According to Showcase president Phyllis Yaffe, the ‘distribution riddle’ is key. Digital distribution only will have limited impact, distribution on tier two will have some impact, and on a third tier, Yaffe says it’s hard to tell if that packaging arrangement will affect the specialties’ viewership or penetration. But she makes the point that it’s important new services licensed are not ‘cannibalized’ subsets of existing services.
While much of the industry awaits a new packaging game plan, Discovery president Trina McQueen thinks it unlikely that there will be a whole lot of shuffling going on with the tiers in place. ‘Juggling the services is what started this whole cable fuss. I’d be very surprised if they did it again.’
In terms of ad revenue, with the veteran specialties – tsn, Newsworld, ytv, MuchMusic and Vision – cornering an $82.7 million piece of the national ad revenue pie in fiscal ’95 compared to tier-two services’ paltry $7.6 million, concern exists that new services will chip into what are already scarce resources.
Few amongst the latest batch of 40 applications admits to dipping into the ad revenues of already licensed services, but unquestionably, the number of services is growing faster than the national ad pie and some specialty execs say a fallout of ad revenue is a given, particularly in limited markets.
There’s no question the licensing of Le Canal Nouvelles, Tele-Metropole’s proposed 24-hour headline news channel, will eat into rdi’s revenues, says Renaud Gilbert, executive director for rdi.

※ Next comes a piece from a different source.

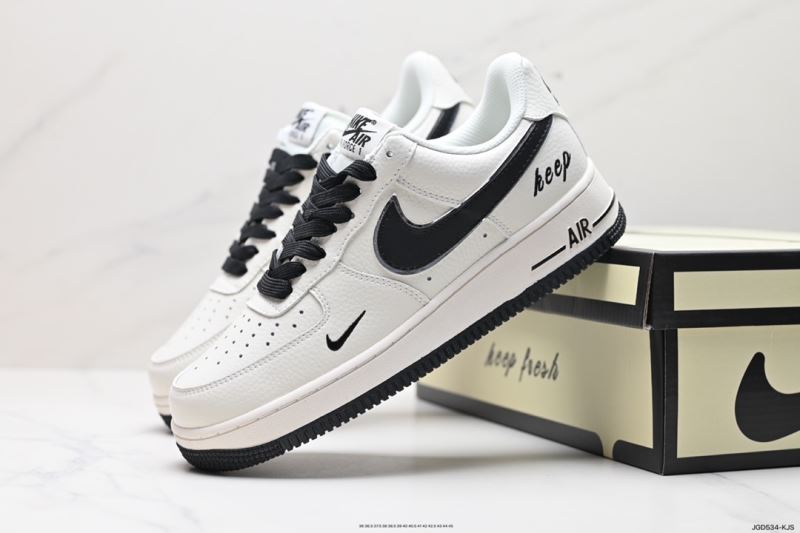 Nike Air Force 1 Shoes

‘A large portion of our audience is in Quebec, and in terms of ad revenues, even if we have higher ratings, we don’t have more revenues. That means lcn will cut into our (overall) advertising revenues.’
In Quebec, the eight French-language specialties are drawing a cumulative 8.3 audience share, with Canal Famille on top at 2.6, SuperEcran (ppv) at 1.5 in second place, followed by rds, 1.3; Canal d, 1.0; rdi, 0.9; TV5, 0.6; MusiquePlus, 0.3; and finally Meteomedia, 0.1, according to bbm fall sweeps.
But Shaun Purdue, president of ncn, isn’t so sure more specialties won’t attract more interest from advertisers and may benefit the group overall.
‘More services may create more awareness of the specialty advantages and the nature of the audience they deliver,’ he says. ‘As they get more and more into relationships and specific targeting, they’ll see that’s where specialties play a major role.’
For the independent producers, the next batch of services may impact already dwindling sponsorship dollars. Discovery appears to be alone amongst the new English specialties in corralling sponsorship dividends to the producers. wtn, Life and Bravo! have all expressed the desire to maximize sponsorship in the years ahead, with wtn president Elaine Ali calling sponsorship a ‘growth market’ for the specialties (see special report, p. 15) and hoping to see sponsorship account for 3% to 4% of next year’s ad revenue.
According to Gratton, the specialty environment dictates a shift in the traditional means of funding production.
‘If a producer wants to bring a sponsor to a show, what do I do to make money on it? It doesn’t work on specialty channels the way it does on the traditional broadcasters where it’s a barter model more appropriate for free television. If I can’t sell the sponsorship then the licence fees go down. Ideally, there’s a joint approach to the sponsors so there’s money that goes to both of us.’
Besides sponsorship, some of the new specialties are seeking other revenue streams, including the selling programming for which they hold the non-broadcast rights to in Canada to educational institutions. Ideas are being tossed around, among them, buying international rights for originally produced programs and splitting the profits with the producers on a scale directly proportional to the investment levels in the production. Direct-to-home satellite distribution isn’t thought by any to be a short-term revenue source.